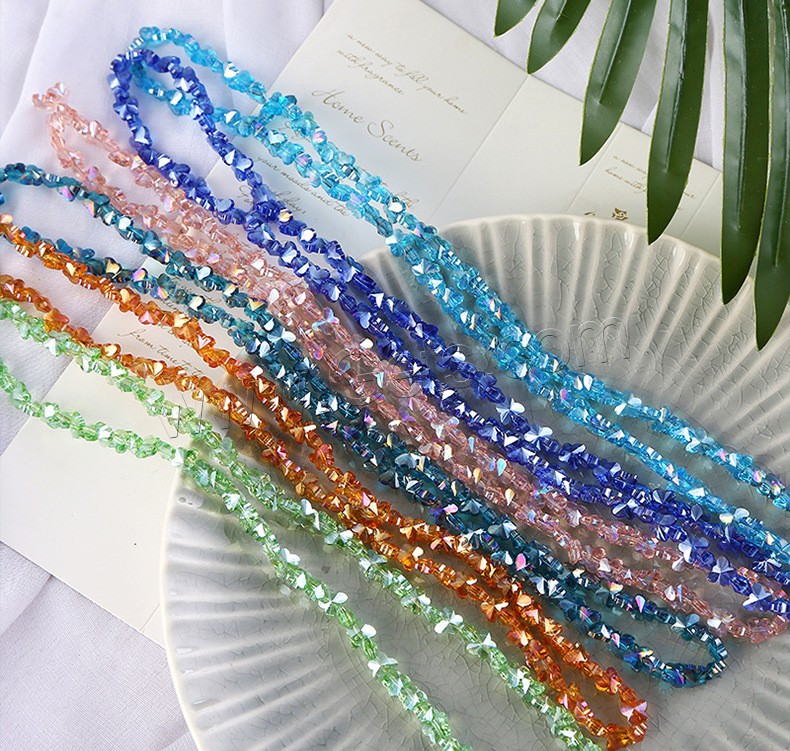 Glass Beads, Butterfly, plated, different size for choice, more colors for choice, Hole:Approx 1mm, 100PCs/Strand, Sold By Strand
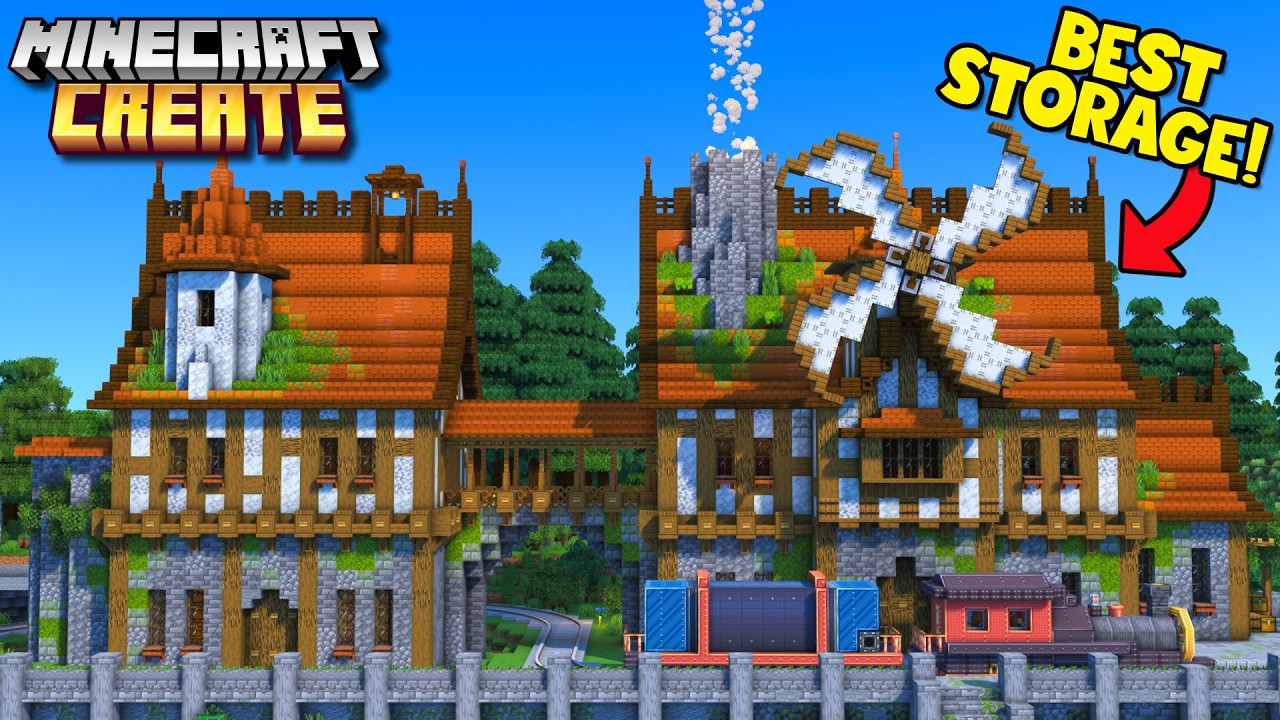 Я построил мастерскую своей мечты в Minecraft Create Mod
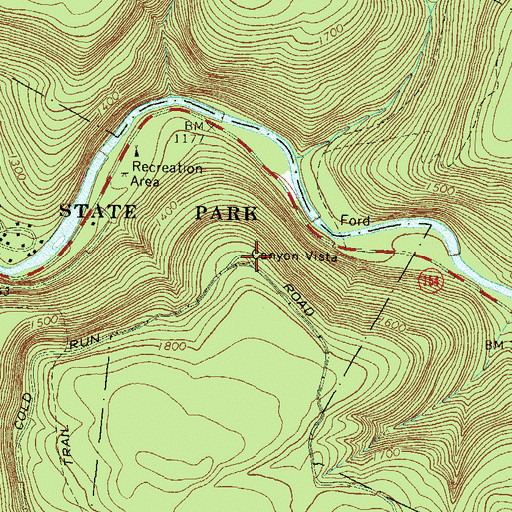 Topographic Map of Canyon Vista, PA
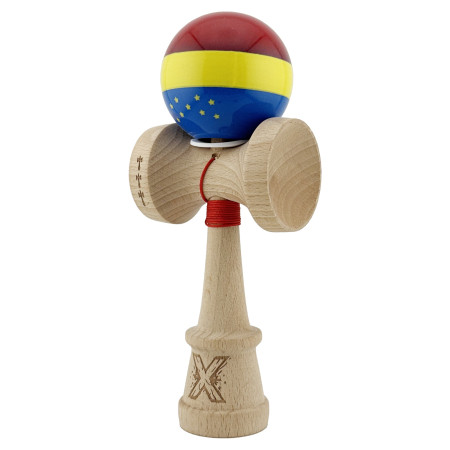 Kendama X Originala, Profesionala, Cyrax, Tricolor Edition cu Stele, Super Sticky cu Cupe Mari KING SIZE V3, Rulment Metalic si Gaura in Baza, din Lemn 18 cm, Ata 62/65 cm, Multicolor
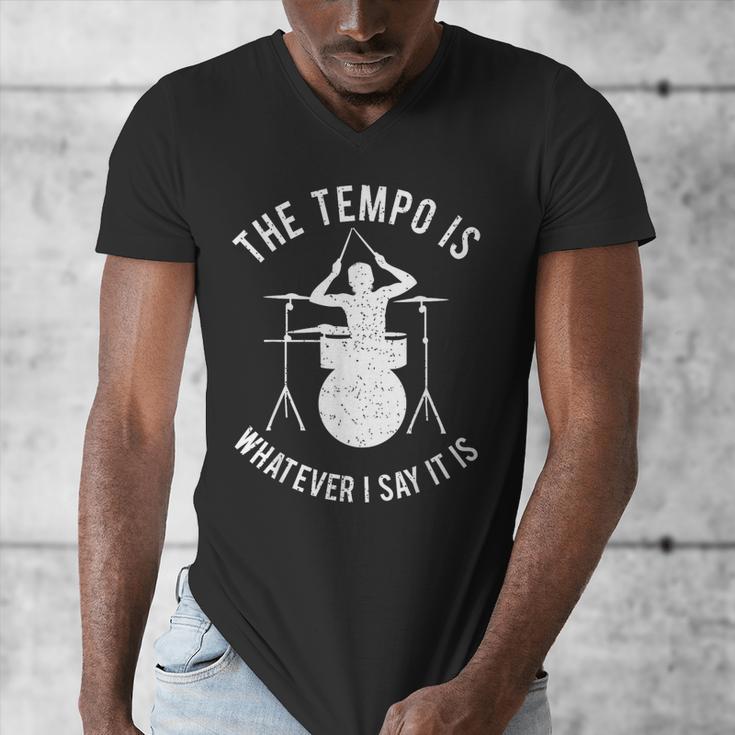 Drum Kit Graphic For a Drummer With Percussion Instruments Men's V-Neck T-Shirt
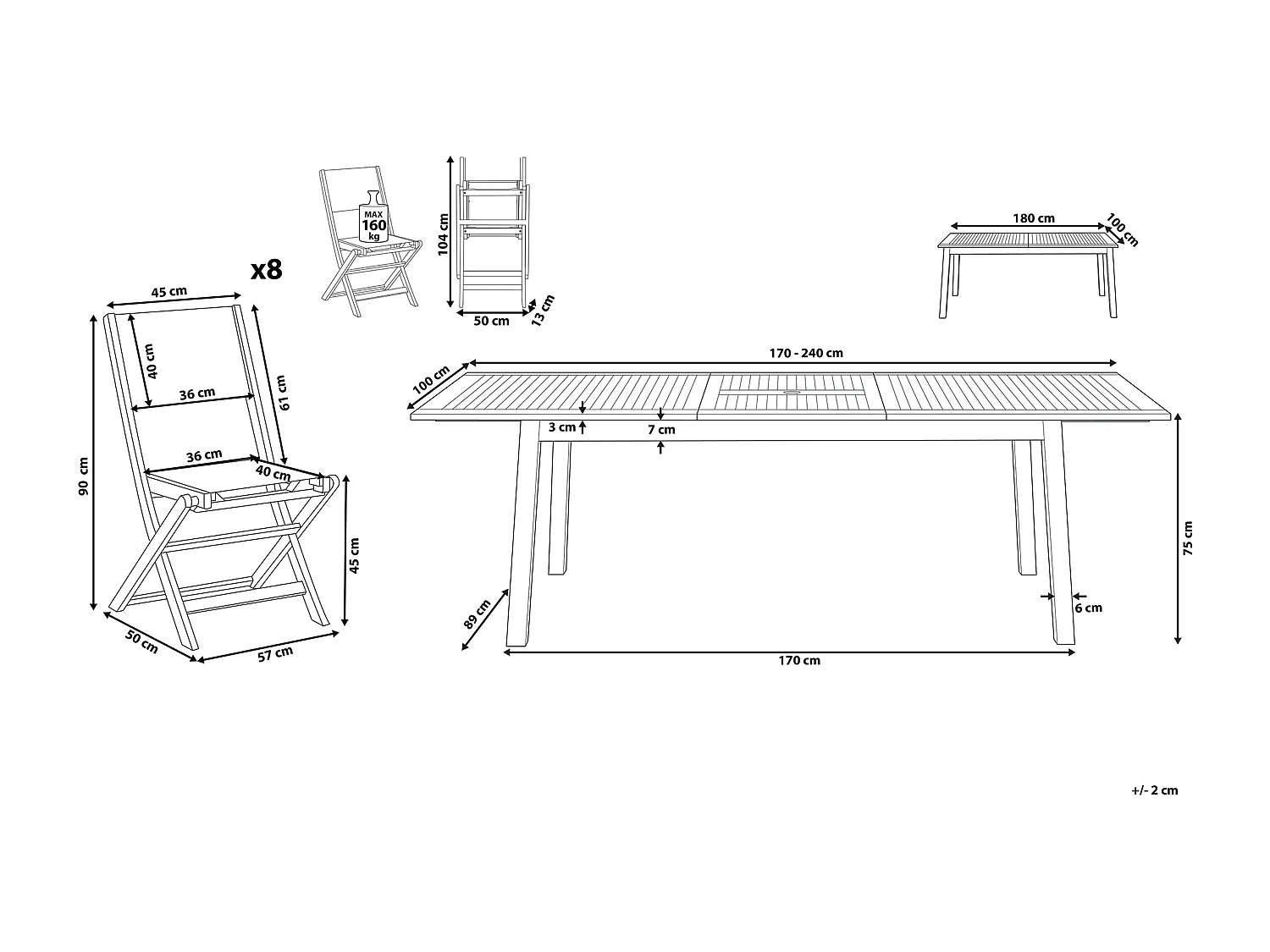 Zestaw ogrodowy dla 8 osób CESANA Drewno akacjowe Jasnobrązowy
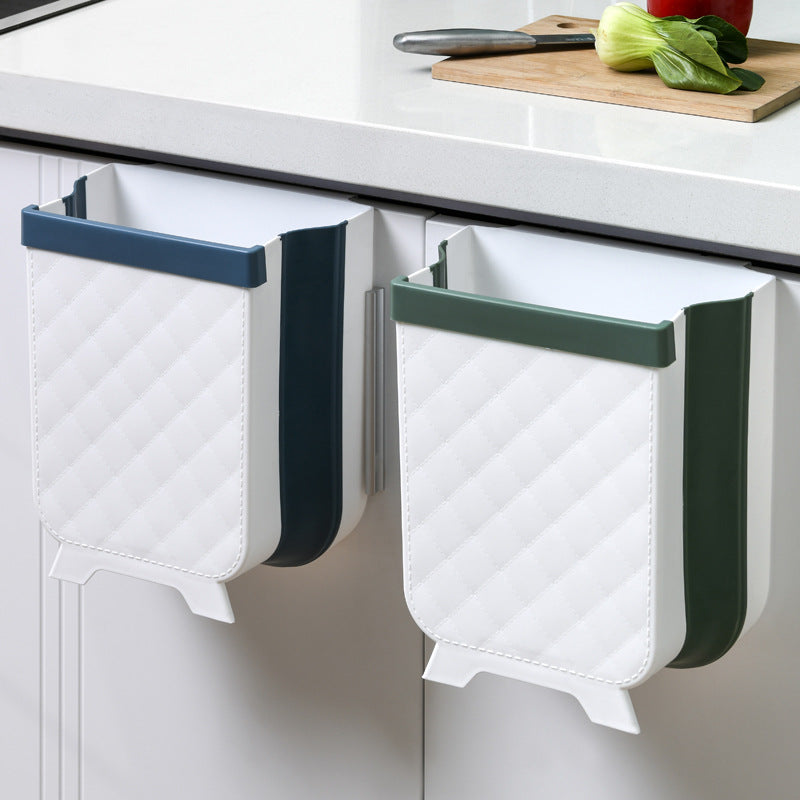 Foldable Wall-Mounted Trash Bin – Cabinet Door Hanging Waste Bin (7L)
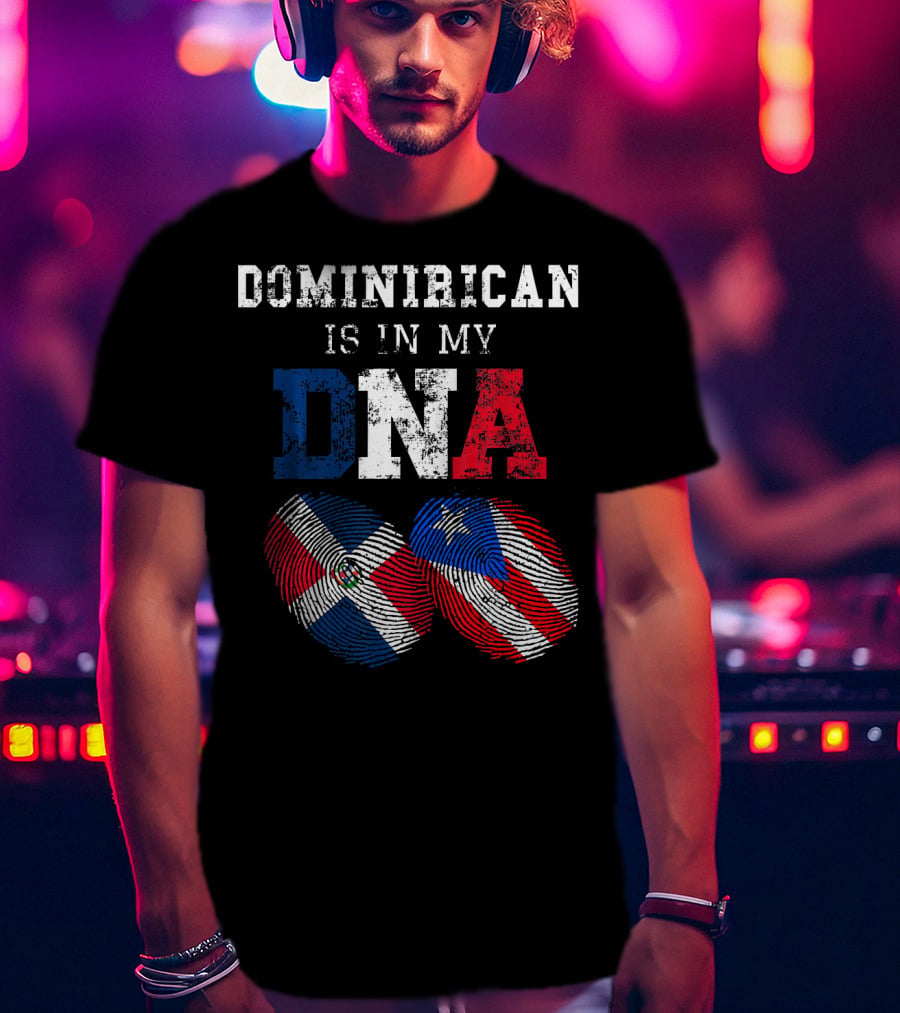 Dominirican Is In My DNA Puerto Rico Republica Flag Fingerprints T-Shirt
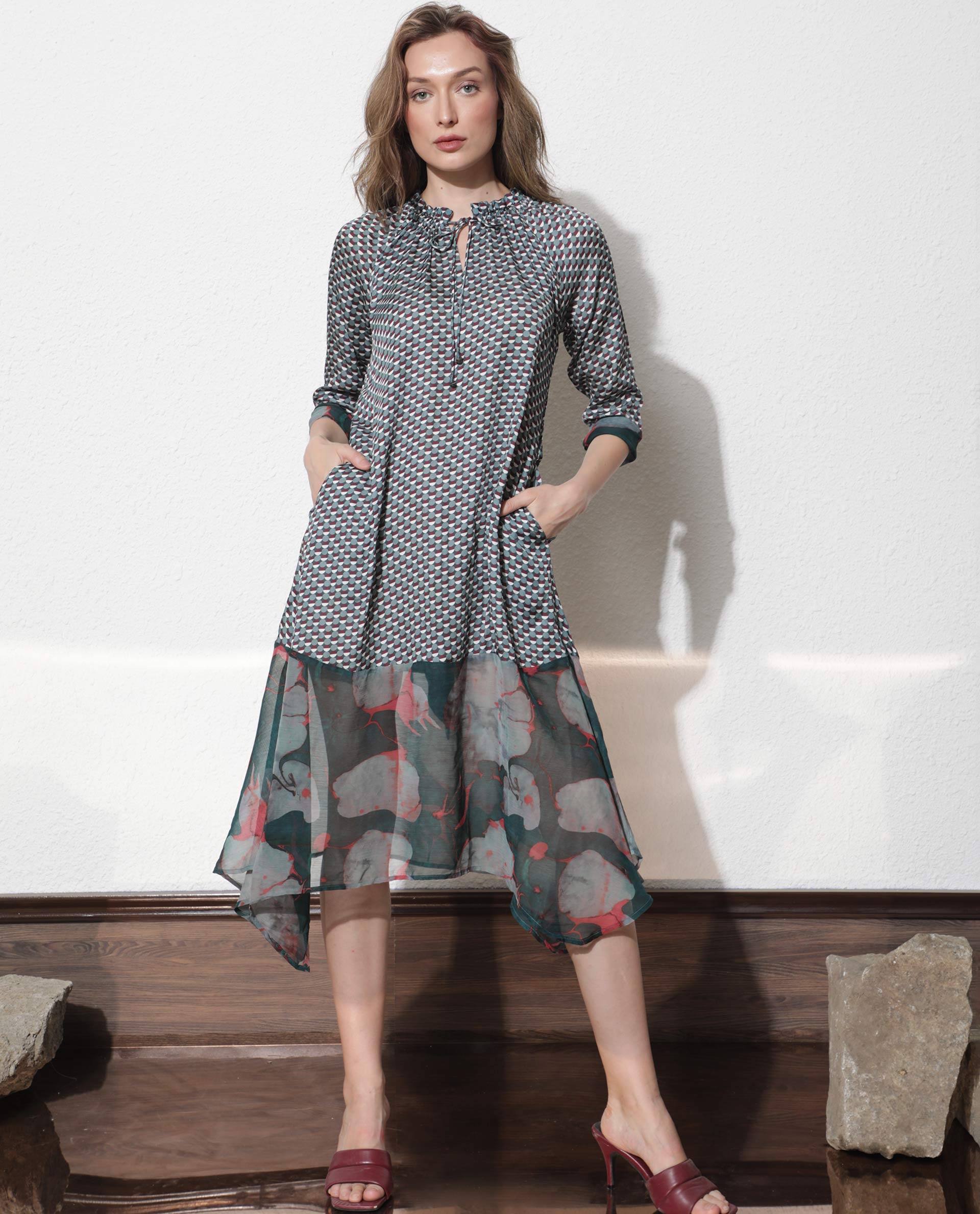Rareism Women Nadia Multi Shirt Collar Half Sleeves Front Button Placket And Tie Up Midi Dress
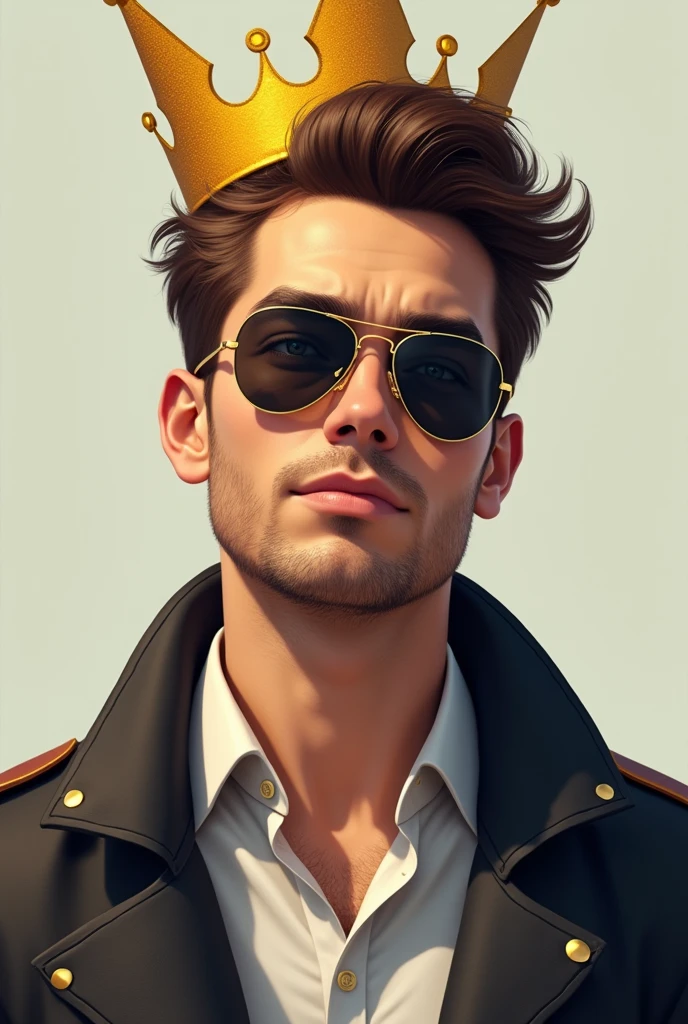 A 25-year-old entrepreneur wearing stylish aviators and a smug smile, he also sports a golden crown on his head and has brown hair with the ends styled upwards.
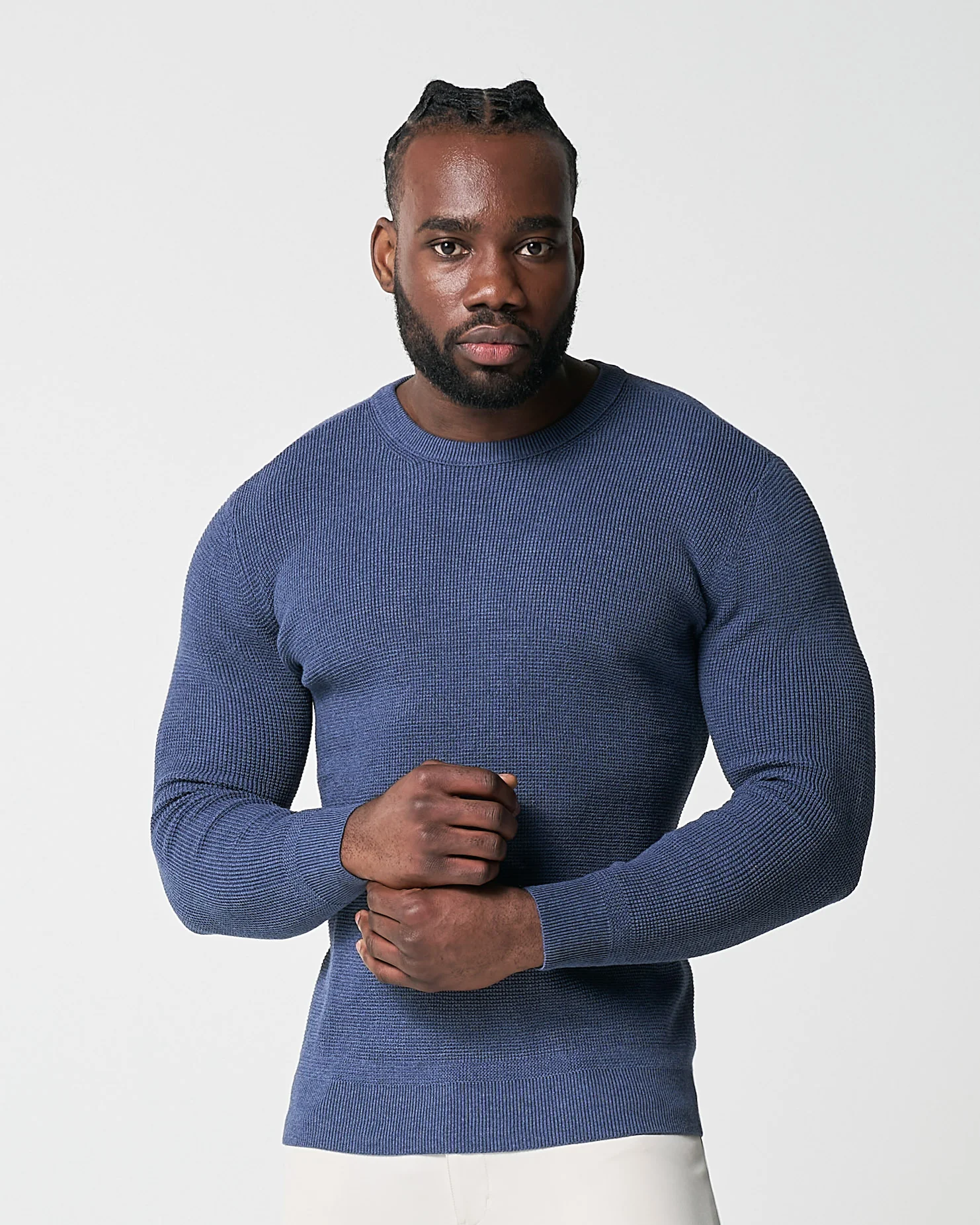 Heavy Knit Crewneck  - Navy - Image 3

==============================

◆ **What the task requires**
Beginning with the line above that has "Zestaw ogrodowy dla" and going on through the line that has "A 25-year-old entrepreneur", retype every line exactly and add nothing else; drop the pictures.

◆ **Task answer**
 Zestaw ogrodowy dla 8 osób CESANA Drewno akacjowe Jasnobrązowy
 Foldable Wall-Mounted Trash Bin – Cabinet Door Hanging Waste Bin (7L)
 Dominirican Is In My DNA Puerto Rico Republica Flag Fingerprints T-Shirt
Rareism Women Nadia Multi Shirt Collar Half Sleeves Front Button Placket And Tie Up Midi Dress
 A 25-year-old entrepreneur wearing stylish aviators and a smug smile, he also sports a golden crown on his head and has brown hair with the ends styled upwards.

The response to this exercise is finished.